05.03.2024  |  Newsfile

Vancouver, March 5, 2024 - Prospector Metals Corp. (TSXV: PPP) (OTCQB: PMCOF) (FSE: 1ET) ("Prospector" or the "Company") is pleased to announce the closing of its previously announced acquisition of the ML Property (also known as the Mike Lake Property) (the "Transaction") from Troilus Gold Corporation ("Troilus"), pursuant to a property purchase agreement (the "Purchase Agreement") with Troilus. The ML Property and the terms of the Purchase Agreement are described in the Company's press release dated January 3, 2024.

Pursuant to the Transaction, the Company issued 9,222,164 common shares of the Company (the "Common Shares") to Troilus after giving effect to the Company's Consolidation (as defined below). As a result of the issuance, Troilus holds 19.9% of the issued Common Shares of the Company. The Common Shares issued to Troilus are subject to a voluntary hold period of twelve (12) months from the date of issuance. There were no finder's fees paid in connection with the Transaction.
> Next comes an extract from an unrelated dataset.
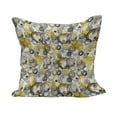 thumbnail image 1 of Grey and Yellow Fluffy Throw Pillow Cushion Cover, Hand Drawn Sketchy Geometrical Retro Modern Circles Image Illustration, Decorative Square Accent Pillow Case, 16" x 16", White Beige, by Ambesonne, 1 of 5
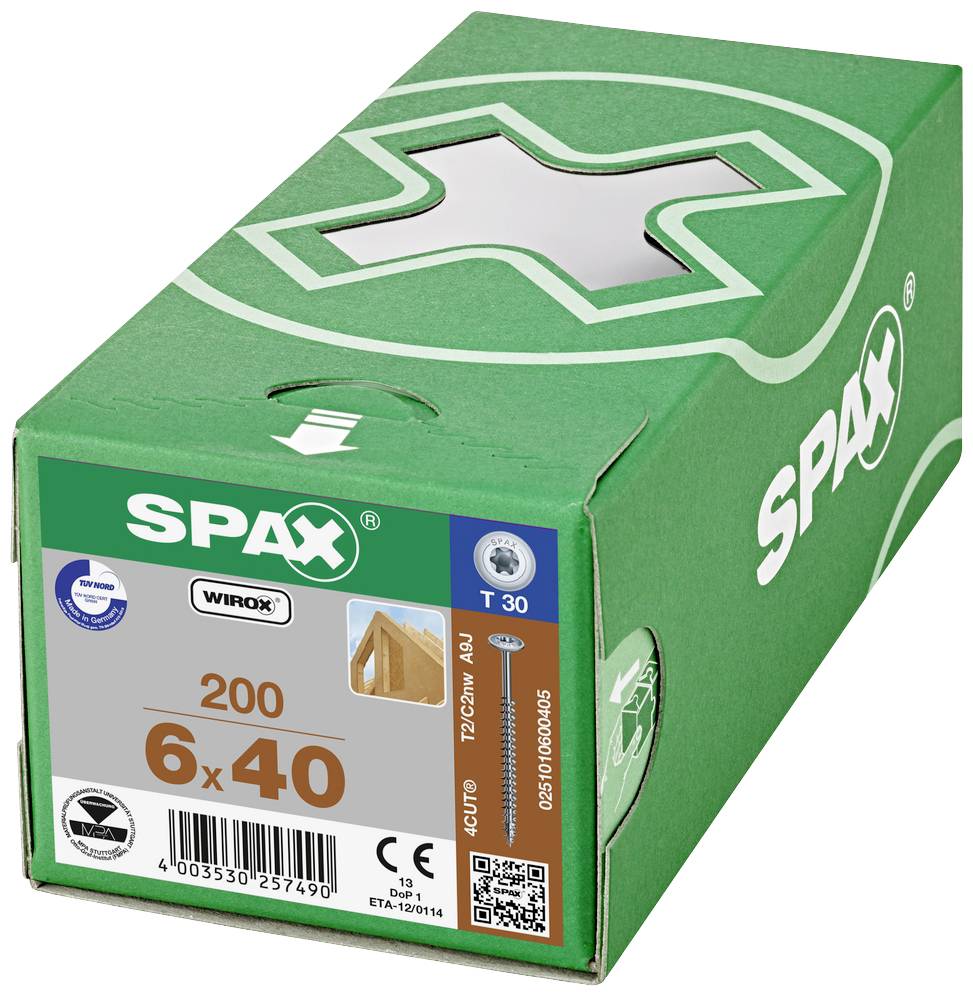 SPAX 0251010600405 Vis à bois 6 mm 40 mm T-STAR plus acier WIROX 200 pc(s)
Private Placement Offering

The Company is also pleased to announce that it has closed its previously announced non-brokered private placement (the "Private Placement") for gross proceeds to the Company of $2,000,000. In connection with the Private Placement, the Company issued 9,090,909 units at a price of $0.11 per unit and 6,666,666 units at a price of $0.15 per unit (each, a "Unit"). Each Unit consists of one post-Consolidation Common Share and one half of one Common Share purchase warrant (each whole warrant, a "Warrant"). Each Warrant is exercisable into one Common Share at an exercise price of $0.30 for a period of two years from the date of issue. If the closing price of the Common Shares is at a price equal to or greater than $0.50 for a period of 10 consecutive trading days, the Company will have the right to accelerate the expiry date of the Warrants by giving notice, via a news release, to the holders of the Warrants that the Warrants will expire on the date that is 30 days after the issuance of said news release.

In connection with closing of the Private Placement, the Company paid cash finders' fees totaling $31,326.88 and issued 246,674 finders' warrants (the "Finders' Warrants"). Each Finders' Warrant is exercisable to purchase one Common Share at a price of $0.30 per Common Shares for 2 years from the date of issue, subject to acceleration.

Prospector intends to use the net proceeds of the Private Placement to complete a detailed geophysical survey at its Devon Ni-Cu Project in Ontario, preliminary assessment work and prospecting of the ML Property in Yukon Territory, and for working capital needs.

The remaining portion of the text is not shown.